What is needed
An exact copy of every record is needed, with the pictures left out.

Exercise input
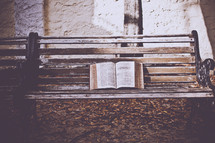 opened Bible on a bench 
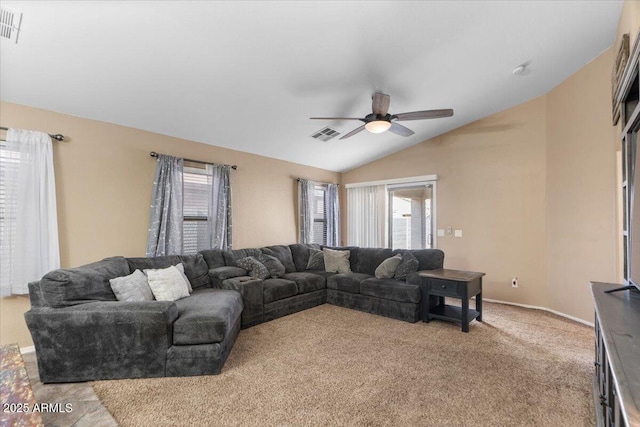 carpeted living room with ceiling fan and lofted ceiling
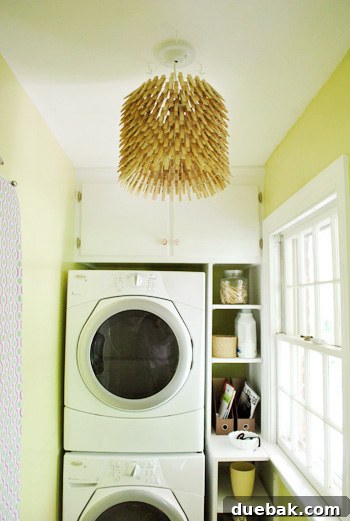 Finished clothespin chandelier hanging in the room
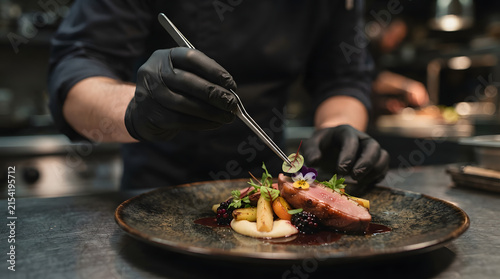 Professional Chef Using Precision Tweezers to Plate a High End Gourmet Meat Dish in a Modern Restaurant Kitchen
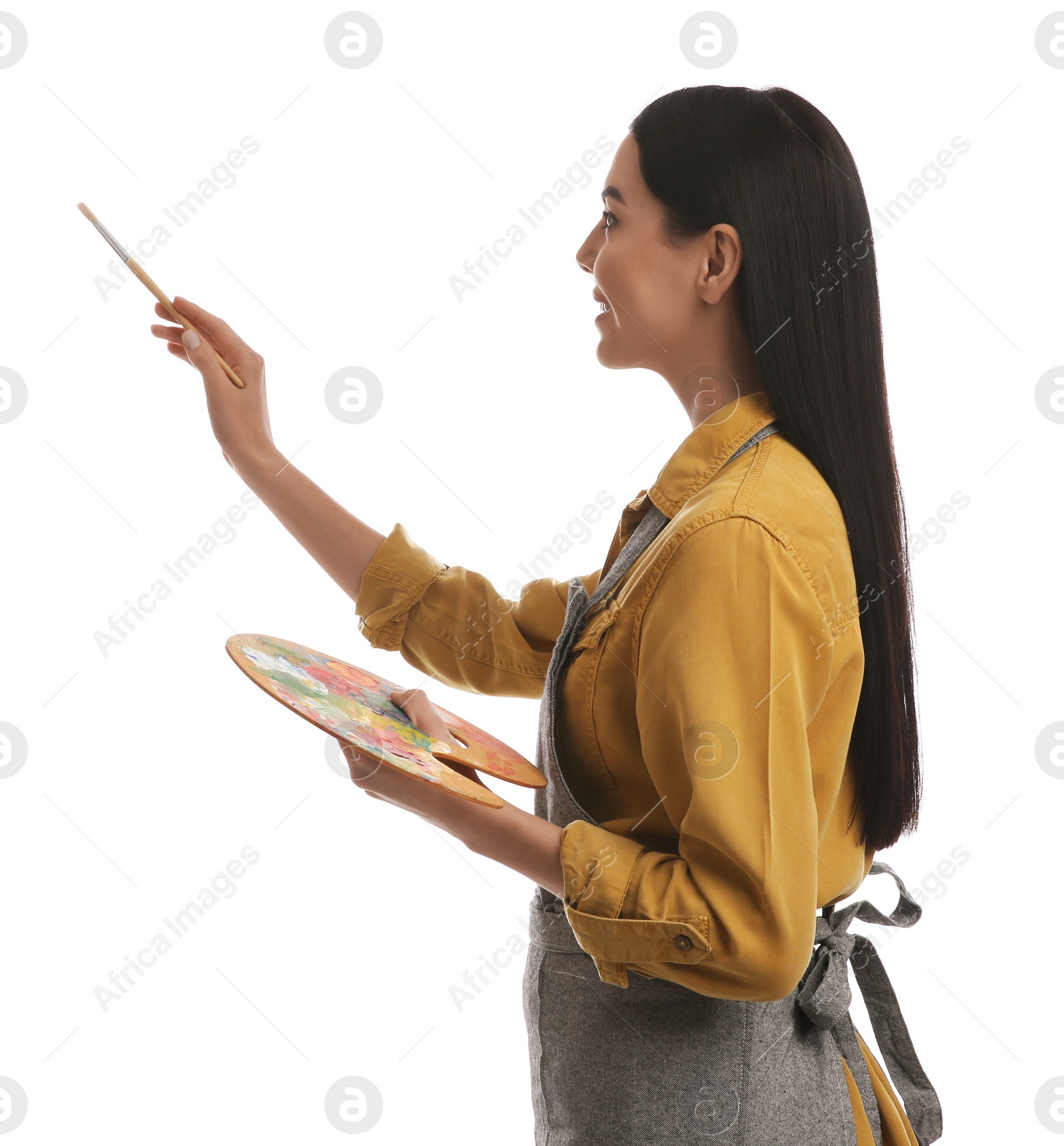 Photo of Young woman drawing with brush on white background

Solution to this task
 opened Bible on a bench 
 carpeted living room with ceiling fan and lofted ceiling
 Finished clothespin chandelier hanging in the room
 Professional Chef Using Precision Tweezers to Plate a High End Gourmet Meat Dish in a Modern Restaurant Kitchen
 Photo of Young woman drawing with brush on white background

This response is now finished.